今回は400年前の遺伝子に思いを寄せて、創業400年以上の酒店とお酒の話です。
《創業429年の酒屋・豊島屋本店》
初代・豊島屋十右衛門は1596(慶長元)年に創業後、関西から仕入れた酒をなんとほぼ原価で売ったと言われています。
当時、関東に国替えになった徳川家康が江戸城の拡張を進めており、城の普請に集まった武士、職人、資材を取引する商人などで一杯飲み屋は、さぞかし賑わったと思います。
《原価販売には、儲けを生む仕掛けが》
空いた酒樽は物入れや腰掛など再利用の用途は広く、初代は空き樽を売っていました。酒が売れれば売れるほど利益を得たとのこと。その数は半端ではなかったと言われています。
また、初代は「白酒」の考案者といわれています。
《明治維新により商売に暗雲》
当時は「後払いの掛売り」であったため、豊島屋も明治維新により武士が没落したことで、代金の取りはぐれで苦境に陥りました。
当主は再建するために、それまで扱っていた醤油をみりんや酒と合せ「蕎屋」の販路を開拓しました。現在も多くの蕎屋との取引があるとのことです。
また、灘の酒蔵に委託し酒の製造を始め、後に独自の酒蔵をつくりました。その酒「金婚」は今も豊島屋の看板商品となっています。
《豊島屋の遺伝子》
現在の社長は16代目で半導体技術者の経歴を持っています。
「まちおこし」のため東京蒲田地域の酒販店と共同開発した長期低温醗酵の純米吟醸酒「羽田」(日本酒度+1)を商品化しています。

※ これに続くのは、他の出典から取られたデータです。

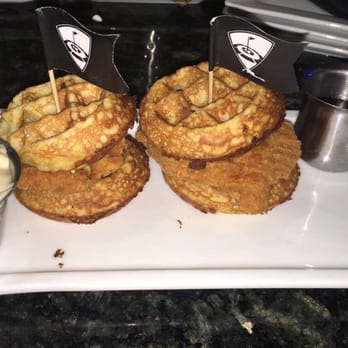 Topgolf - Chicken and waffle sliders are pretty good - Sports Bars Near Me - Alpharetta, Georgia Topgolf - Chicken and waffle sliders are pretty good - Sports Bars Near Me - Alpharetta, Georgia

この他に「屋守(おくのかみ)」純米無調整、同純米吟醸も飲んでみたい一杯です。
豊島屋初代・十右衛門はいかにリピーター客を増やすか知恵を絞り、価格で「呑べい」を、白酒で「女性」の心をつかんだといわれています。
その遺伝子は、幕末の動乱期や時代の変遷に伴う豊島屋の危機を乗り切る力となり、現在も脈々と引き継がれています。
そんなことを口実に十右衛門の遺伝子が活かされた日本酒「金婚」「羽田」「屋守」を飲み、英気を養うため短い秋の夜長を楽しめればと思う毎日です。